Application of the rule

Regulated firms

The rule applies to the derivatives business conduct of a person or company that falls within the meaning of a “derivatives dealer” or “derivatives adviser” and individuals acting on their behalf, regardless of whether they are registered or exempted from registration in a Canadian province or territory.[2] The CSA have adopted a “business trigger” test analogous to that applied to securities dealers and advisers under NI 31-103. In particular, a person or company is a derivatives dealer or derivatives adviser under the rule if it is either in the business of trading derivatives or in the business of advising others in respect of derivatives, respectively. While certain market participants, such as banks with extensive derivatives dealing and advising activities, clearly may be captured under the business trigger test, other market participants will need to holistically evaluate their derivatives activities and the non-exhaustive list of factors set forth in the CP to determine whether they would be considered in the business of trading or advising in derivatives and therefore subject to the rule. Factors that the CSA have indicated in the CP may be relevant include:

  • Acting as a market maker: routinely standing ready to transact derivatives by responding to requests for quotes or making quotes available to others, and typically being compensated for providing liquidity through spreads, fees or other compensation.
  • Directly or indirectly carrying on the activity with repetition, regularity or continuity: frequent or regular transactions, even if not the person’s primary endeavour.
  • Facilitating or intermediating transactions: facilitation of trading or intermediation of transactions between third-party counterparties.
  • Transacting with the intention of being compensated: transacting and receiving, or expecting to receive, any form of compensation for transaction activity.
  • Directly or indirectly soliciting in relation to transactions: contacting someone by any means, including communications that offer (i) derivatives transactions, (ii) participation in derivatives transactions or (iii) services related to derivatives transactions (although communication with a potential counterparty without intention or expectation to be compensated may not necessarily satisfy this factor).
  • Engaging in activities similar to a derivatives adviser or derivatives dealer: carrying out similar activities to the foregoing.
  • Providing derivatives clearing services: allowing third parties to clear derivatives through a clearing agency in furtherance of a trade by a person that would typically be an intermediary in the derivatives market.

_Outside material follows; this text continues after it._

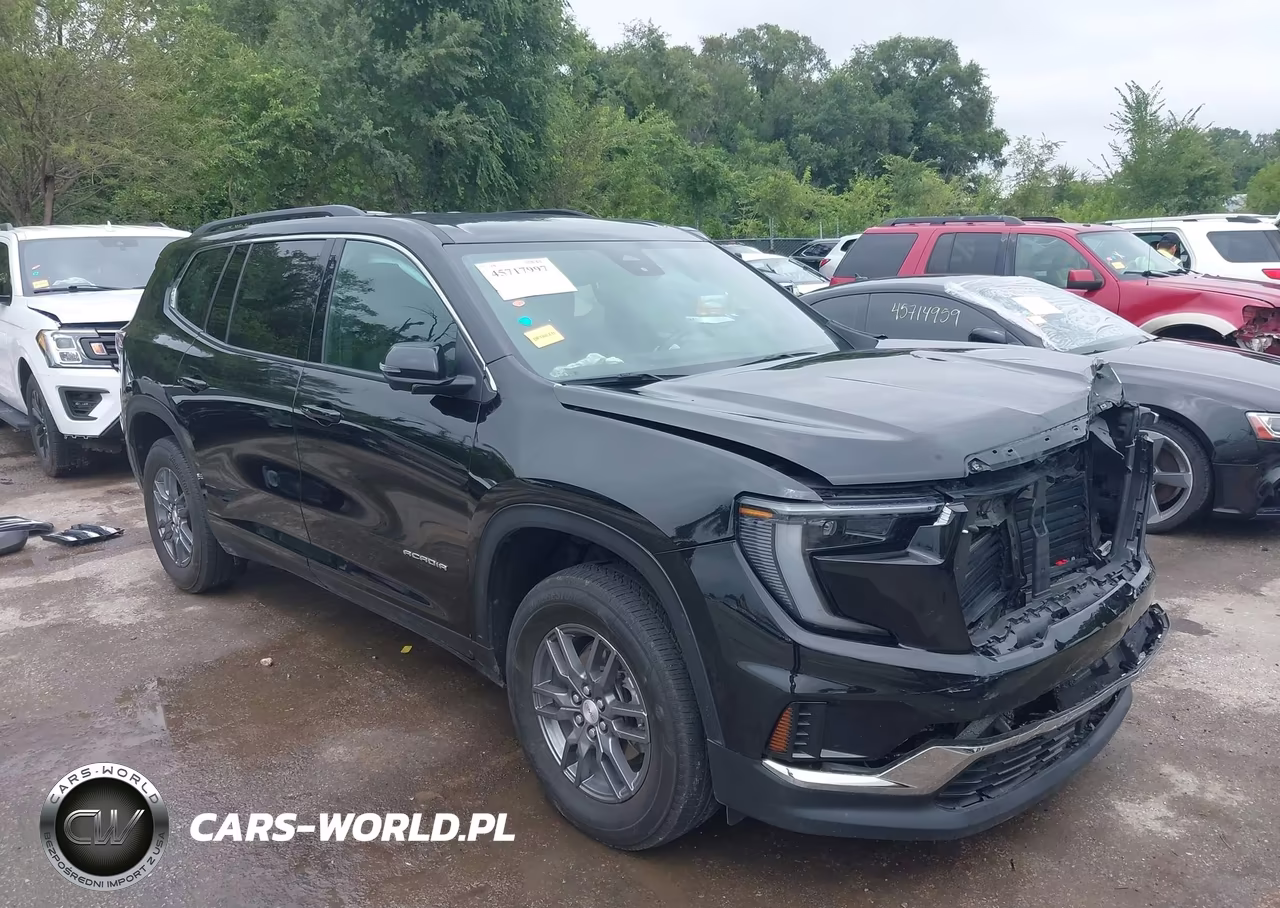 2025 GMC Acadia Fwd Elevation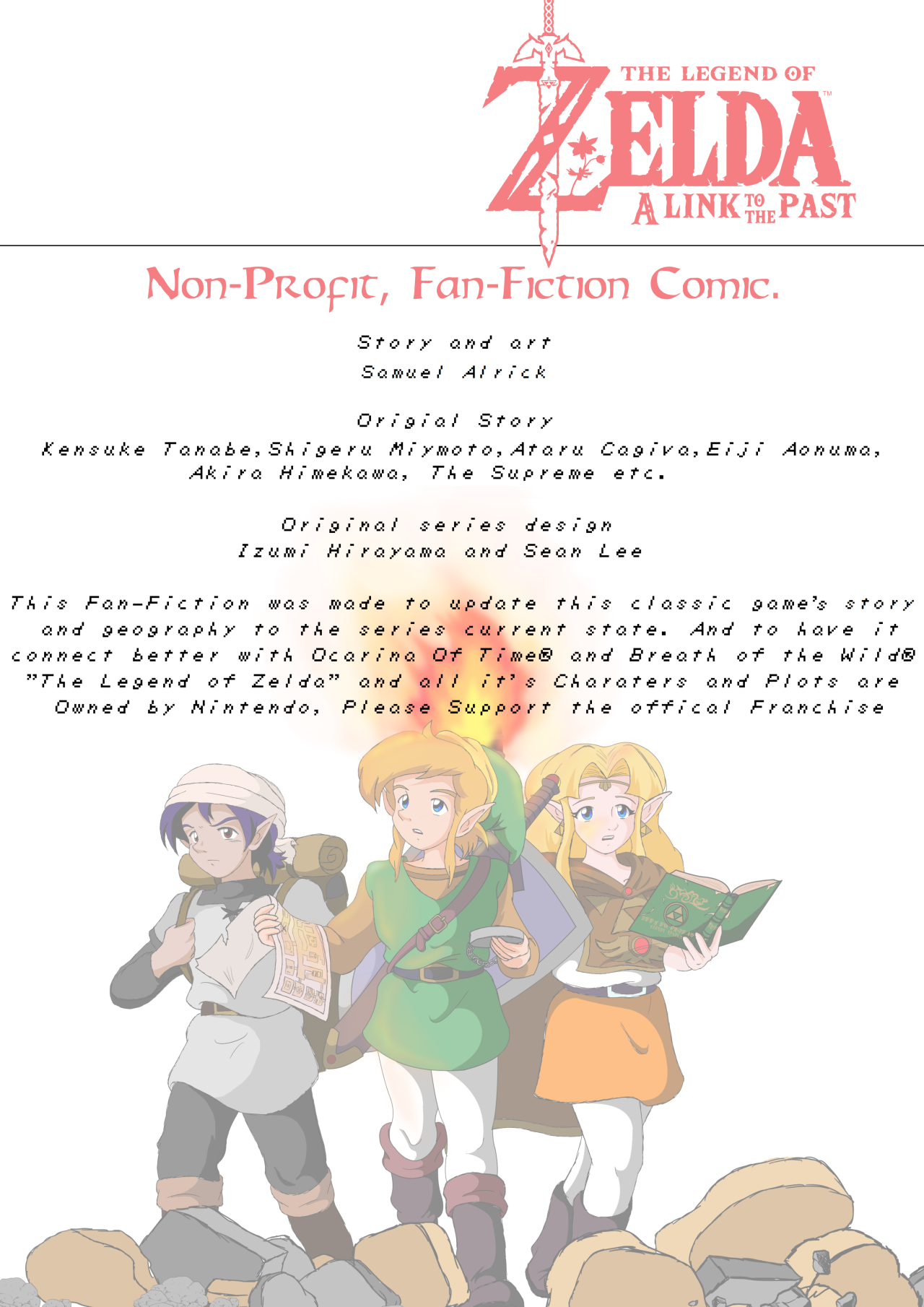 The Legend of Zelda: A Link to the Past - VGFacts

For purposes of the rule, a derivatives dealer’s or derivatives adviser’s client or counterparty, as applicable, is referred to as a “derivatives party”.

Exempt entities

Qualifying clearing agencies, the Government of Canada, the government of a jurisdiction of Canada, the government of a foreign jurisdiction, the Bank of Canada, a central bank of a foreign jurisdiction, the Bank for International Settlements and the International Monetary Fund are exempt from the rule. However, derivatives firms dealing with or advising these entities may still be subject to the rule. The rule also does not apply to a derivatives firm dealing with or advising an affiliated entity (other than an affiliated investment fund).

Eligible derivatives parties

The rule entails a two-tiered approach for derivatives market participant protection based on whether a derivatives party is an “eligible derivatives party” (EDP) or “non-eligible derivatives party”:

  • Core provisions discussed below apply when a derivatives firm is dealing with or advising any derivatives party regardless of EDP status.
  • Additional obligations (i) apply when a derivatives firm is dealing with or advising a non-EDP and (ii) apply but may be waived when a derivatives firm is dealing with or advising an EDP that is an individual or an eligible commercial hedger.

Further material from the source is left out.